▸ EXERCISE: Print each line of the material again, keeping everything exact.

▸ TASK MATERIAL:
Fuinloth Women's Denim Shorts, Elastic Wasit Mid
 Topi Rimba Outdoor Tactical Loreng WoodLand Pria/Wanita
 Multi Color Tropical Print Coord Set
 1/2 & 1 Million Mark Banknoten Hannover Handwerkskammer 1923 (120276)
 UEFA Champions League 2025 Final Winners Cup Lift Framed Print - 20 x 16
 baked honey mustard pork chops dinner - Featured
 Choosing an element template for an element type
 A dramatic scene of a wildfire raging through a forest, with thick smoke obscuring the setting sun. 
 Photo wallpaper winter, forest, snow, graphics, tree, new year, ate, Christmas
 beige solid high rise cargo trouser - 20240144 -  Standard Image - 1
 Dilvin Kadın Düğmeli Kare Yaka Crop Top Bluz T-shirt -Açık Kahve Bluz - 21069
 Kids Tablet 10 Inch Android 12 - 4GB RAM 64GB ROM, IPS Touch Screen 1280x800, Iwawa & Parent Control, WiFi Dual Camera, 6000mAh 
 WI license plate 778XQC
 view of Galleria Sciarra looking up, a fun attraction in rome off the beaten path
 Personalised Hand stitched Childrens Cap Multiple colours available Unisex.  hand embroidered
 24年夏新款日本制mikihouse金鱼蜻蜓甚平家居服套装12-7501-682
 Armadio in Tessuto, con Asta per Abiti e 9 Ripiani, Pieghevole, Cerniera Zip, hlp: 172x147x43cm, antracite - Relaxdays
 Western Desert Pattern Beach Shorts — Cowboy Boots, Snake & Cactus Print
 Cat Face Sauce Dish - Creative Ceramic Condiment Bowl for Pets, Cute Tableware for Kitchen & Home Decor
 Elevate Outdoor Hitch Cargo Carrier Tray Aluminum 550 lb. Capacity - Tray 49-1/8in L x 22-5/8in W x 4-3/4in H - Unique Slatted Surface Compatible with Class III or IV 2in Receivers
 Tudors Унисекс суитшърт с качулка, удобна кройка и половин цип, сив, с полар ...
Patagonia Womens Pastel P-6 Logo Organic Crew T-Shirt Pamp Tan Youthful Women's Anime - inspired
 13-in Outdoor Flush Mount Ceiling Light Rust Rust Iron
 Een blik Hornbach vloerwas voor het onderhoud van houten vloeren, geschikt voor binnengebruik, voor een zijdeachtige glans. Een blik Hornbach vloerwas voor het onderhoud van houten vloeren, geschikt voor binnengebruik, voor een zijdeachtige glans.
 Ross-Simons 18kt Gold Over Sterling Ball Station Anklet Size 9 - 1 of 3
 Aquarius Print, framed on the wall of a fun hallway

▸ ANSWER FOR THE TASK:
Fuinloth Women's Denim Shorts, Elastic Wasit Mid
 Topi Rimba Outdoor Tactical Loreng WoodLand Pria/Wanita
 Multi Color Tropical Print Coord Set
 1/2 & 1 Million Mark Banknoten Hannover Handwerkskammer 1923 (120276)
 UEFA Champions League 2025 Final Winners Cup Lift Framed Print - 20 x 16
 baked honey mustard pork chops dinner - Featured
 Choosing an element template for an element type
 A dramatic scene of a wildfire raging through a forest, with thick smoke obscuring the setting sun. 
 Photo wallpaper winter, forest, snow, graphics, tree, new year, ate, Christmas
 beige solid high rise cargo trouser - 20240144 -  Standard Image - 1
 Dilvin Kadın Düğmeli Kare Yaka Crop Top Bluz T-shirt -Açık Kahve Bluz - 21069
 Kids Tablet 10 Inch Android 12 - 4GB RAM 64GB ROM, IPS Touch Screen 1280x800, Iwawa & Parent Control, WiFi Dual Camera, 6000mAh 
 WI license plate 778XQC
 view of Galleria Sciarra looking up, a fun attraction in rome off the beaten path
 Personalised Hand stitched Childrens Cap Multiple colours available Unisex.  hand embroidered
 24年夏新款日本制mikihouse金鱼蜻蜓甚平家居服套装12-7501-682
 Armadio in Tessuto, con Asta per Abiti e 9 Ripiani, Pieghevole, Cerniera Zip, hlp: 172x147x43cm, antracite - Relaxdays
 Western Desert Pattern Beach Shorts — Cowboy Boots, Snake & Cactus Print
 Cat Face Sauce Dish - Creative Ceramic Condiment Bowl for Pets, Cute Tableware for Kitchen & Home Decor
 Elevate Outdoor Hitch Cargo Carrier Tray Aluminum 550 lb. Capacity - Tray 49-1/8in L x 22-5/8in W x 4-3/4in H - Unique Slatted Surface Compatible with Class III or IV 2in Receivers
 Tudors Унисекс суитшърт с качулка, удобна кройка и половин цип, сив, с полар ...
Patagonia Womens Pastel P-6 Logo Organic Crew T-Shirt Pamp Tan Youthful Women's Anime - inspired
 13-in Outdoor Flush Mount Ceiling Light Rust Rust Iron
 Een blik Hornbach vloerwas voor het onderhoud van houten vloeren, geschikt voor binnengebruik, voor een zijdeachtige glans. Een blik Hornbach vloerwas voor het onderhoud van houten vloeren, geschikt voor binnengebruik, voor een zijdeachtige glans.
 Ross-Simons 18kt Gold Over Sterling Ball Station Anklet Size 9 - 1 of 3
 Aquarius Print, framed on the wall of a fun hallway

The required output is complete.